Abstract
Time-dependent birth-death sampling models have been used in numerous studies for inferring past evolutionary dynamics in different areas, e.g. speciation and extinction rates in macroevolutionary studies, or effective reproductive number in epidemiological studies. These models are branching processes where lineages can bifurcate, die, or be sampled with time-dependent birth, death, and sampling rates, generating phylogenetic trees. It has been shown that in some subclasses of such models, different sets of rates can result in the same distributions of reconstructed phylogenetic trees, and therefore the rates become unidentifiable from the trees regardless of their size. Here we show that widely used time-dependent fossilised birth-death (FBD) models are identifiable. This subclass of models makes more realistic assumptions about the fossilisation process and certain infectious disease transmission processes than the unidentifiable birth-death sampling models. Namely, FBD models assume that sampled lineages stay in the process rather than being immediately removed upon sampling. Identifiability of the time-dependent FBD model justifies using statistical methods that implement this model to infer the underlying temporal diversification or epidemiological dynamics from phylogenetic trees or directly from molecular or other comparative data. We further show that the time-dependent fossilised-birth-death model with an extra parameter, the removal after sampling probability, is unidentifiable. This implies that in scenarios where we do not know how sampling affects lineages we are unable to infer this extra parameter together with birth, death, and sampling rates solely from trees.
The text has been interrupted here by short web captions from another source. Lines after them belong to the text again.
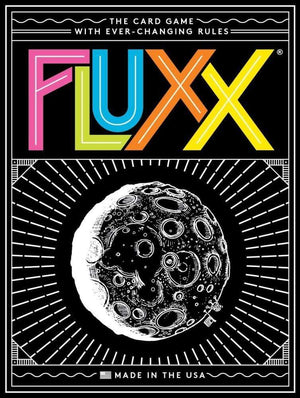 Looney Labs Board & Card Games Fluxx 5.0 Edition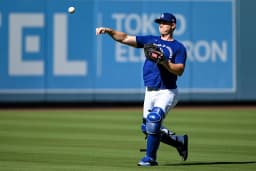 Will Smith Expected to Rejoin Dodgers Tuesday
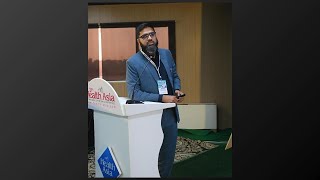 Dr Muhammad Arsalan Jamil  Seminar on Anaesthesia Critical Care amp Sedation  21st Health Asia [upl. by Jilly]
Competing Interest Statement
The authors have declared no competing interest.
Footnotes
↵* sasha.gavryushkina{at}canterbury.ac.nz
Major updates to the manuscript are listed below. Minor revisions such as typo corrections are not explicitly stated. Added a paragraph to the discussion explaining why the FBD model is identifiable in less technical terms. Updated references to the work of Kubo & Iwasa (1995) and Louca et al. (2021). Re-ordered paragraphs in the introduction, methods and results sections. Included constraint strategies to address identifiability. Explained the normalised lineage through time. Split a figure of nLTT curves into two separate figures and added an additional figure exploring the effect of different removal probabilities on an nLTT curve. Re-worded discussion on what identifiability provides for inferring temporal rates. Funding section updated. Added statement on challenges of including fossils. Added references to Coddington & Levison, and Hale, for use of Gronwall's inequality for ODEs. Supplementary file updated, including correcting equation 13.